In the present study, a Poloxamer 407-based amphotericin B (AmpB)-containing polymeric micelles system (AmpB/M) was employed in the treatment of Leishmania amazonensis-infected BALB/c mice. Initially, the in vitro antileishmanial activity (IC50 value) of AmpB/M and B-AmpB/M (empty micelles) against stationary promastigotes and amastigotes-like forms of the parasites was determined, and results were of 1.83 ± 0.4 and 22.1 ± 0.7 μM, respectively, for the promastigotes, and of 2.27 ± 0.5 and 33.98 ± 2.6 μM, respectively, for the amastigotes-like. The cytotoxic concentration (CC50) values of these products were also evaluated, and we found the results of 119.5 ± 9.6 and 134.7 ± 10.3 μM, respectively. With these values, the selectivity index (SI) was calculated and results were of 65.3 and 5.4, respectively, for the promastigotes, and of 59.3 and 3.96, respectively, for the amastigotes-like of the parasites. Free AmpB showed IC50 values of 1.2 ± 0.3 and 2.5 ± 0.5 μM for the promastigotes and amastigotes-like, respectively, whereas the CC50 value was of 9.5 ± 0.4 μM. The SI values of this drug were of 7.9 and 3.8, respectively, for the promastigote and amastigote-like stages of the parasites. After, animals were infected and received saline or were treated subcutaneously with free AmpB, AmpB/M or B-AmpB/M. In the results, free AmpB-treated and infected mice showed reductions in their body weight, which were associated with hepatic and renal damage; however, no organic alteration was observed in the AmpB/M-treated animals. In addition, these animals showed significant reductions in their lesion average size and in the parasite burden in all evaluated infected tissue and organs, when compared to the other groups; as well as significantly higher levels of antileishmanial IFN-γ, IL-12, GM-CSF and nitrite, which were associated with low production of IL-4, IL-10 and IgG1 isotype antibodies. In conclusion, this AmpB/M system could be considered as an alternative for future studies in the treatment of tegumentary leishmaniasis.

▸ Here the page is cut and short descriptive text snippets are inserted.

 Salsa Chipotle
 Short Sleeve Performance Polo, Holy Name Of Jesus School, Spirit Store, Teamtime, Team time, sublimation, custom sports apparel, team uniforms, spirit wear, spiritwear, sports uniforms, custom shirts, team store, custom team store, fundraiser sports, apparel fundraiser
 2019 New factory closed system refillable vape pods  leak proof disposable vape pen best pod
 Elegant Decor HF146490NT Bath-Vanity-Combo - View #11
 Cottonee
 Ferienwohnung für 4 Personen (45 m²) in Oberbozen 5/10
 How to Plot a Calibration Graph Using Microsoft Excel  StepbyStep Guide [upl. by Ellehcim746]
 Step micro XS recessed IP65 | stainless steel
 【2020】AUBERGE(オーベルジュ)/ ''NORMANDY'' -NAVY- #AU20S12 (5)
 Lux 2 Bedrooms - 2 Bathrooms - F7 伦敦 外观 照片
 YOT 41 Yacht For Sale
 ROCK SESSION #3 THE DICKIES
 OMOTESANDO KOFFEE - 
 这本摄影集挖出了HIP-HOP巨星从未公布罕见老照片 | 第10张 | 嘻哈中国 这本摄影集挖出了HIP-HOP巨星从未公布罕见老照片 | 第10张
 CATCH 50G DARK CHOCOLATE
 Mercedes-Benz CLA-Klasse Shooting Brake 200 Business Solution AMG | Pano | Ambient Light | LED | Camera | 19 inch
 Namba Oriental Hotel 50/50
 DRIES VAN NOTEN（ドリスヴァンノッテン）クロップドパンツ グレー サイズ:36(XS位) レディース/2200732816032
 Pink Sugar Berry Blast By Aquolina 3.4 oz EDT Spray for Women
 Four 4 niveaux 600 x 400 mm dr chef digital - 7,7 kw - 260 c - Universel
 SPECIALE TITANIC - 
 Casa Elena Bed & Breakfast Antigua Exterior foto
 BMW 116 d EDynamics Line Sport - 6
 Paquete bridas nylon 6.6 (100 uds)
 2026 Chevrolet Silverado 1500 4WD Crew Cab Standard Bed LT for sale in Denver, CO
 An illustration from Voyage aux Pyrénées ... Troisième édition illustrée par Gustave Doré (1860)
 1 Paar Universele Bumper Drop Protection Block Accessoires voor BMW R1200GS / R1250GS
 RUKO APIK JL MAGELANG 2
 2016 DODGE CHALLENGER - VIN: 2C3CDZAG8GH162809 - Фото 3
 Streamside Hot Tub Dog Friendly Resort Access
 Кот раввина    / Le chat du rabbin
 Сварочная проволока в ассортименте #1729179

在本研究中,采用了基于泊洛沙姆407的含两性霉素B(AmpB)的聚合物胶束系统(AmpB/M)来治疗感染亚马逊利什曼原虫的BALB/c小鼠。首先,测定了AmpB/M和B - AmpB/M(空胶束)对静止前鞭毛体和类无鞭毛体形式寄生虫的体外抗利什曼原虫活性(IC50值),结果显示,对于前鞭毛体,IC50值分别为1.83±0.4和22.1±0.7 μM,对于类无鞭毛体,IC50值分别为2.27±0.5和33.98±2.6 μM。还评估了这些产品的细胞毒性浓度(CC50)值,我们发现结果分别为119.5±9.6和134.7±10.3 μM。根据这些值,计算出选择性指数(SI),对于前鞭毛体,结果分别为65.3和5.4,对于寄生虫的类无鞭毛体,结果分别为59.3和3.96。游离AmpB对前鞭毛体和类无鞭毛体的IC50值分别为1.2±0.3和2.5±0.5 μM,而CC50值为9.5±0.4 μM。该药物对寄生虫前鞭毛体和类无鞭毛体阶段的SI值分别为7.9和3.8。之后,动物被感染并接受生理盐水,或皮下注射游离AmpB、AmpB/M或B - AmpB/M。结果显示,接受游离AmpB治疗的感染小鼠体重减轻,这与肝损伤和肾损伤有关;然而,在接受AmpB/M治疗的动物中未观察到器官改变。此外,与其他组相比,这些动物在所有评估的感染组织和器官中的病变平均大小和寄生虫负荷均显著降低;同时,抗利什曼原虫的IFN-γ、IL-12、GM-CSF和亚硝酸盐水平显著升高,这与IL-4、IL-10和IgG1同种型抗体的低产生有关。总之,这种AmpB/M系统可被视为未来治疗皮肤利什曼病研究的一种替代方案。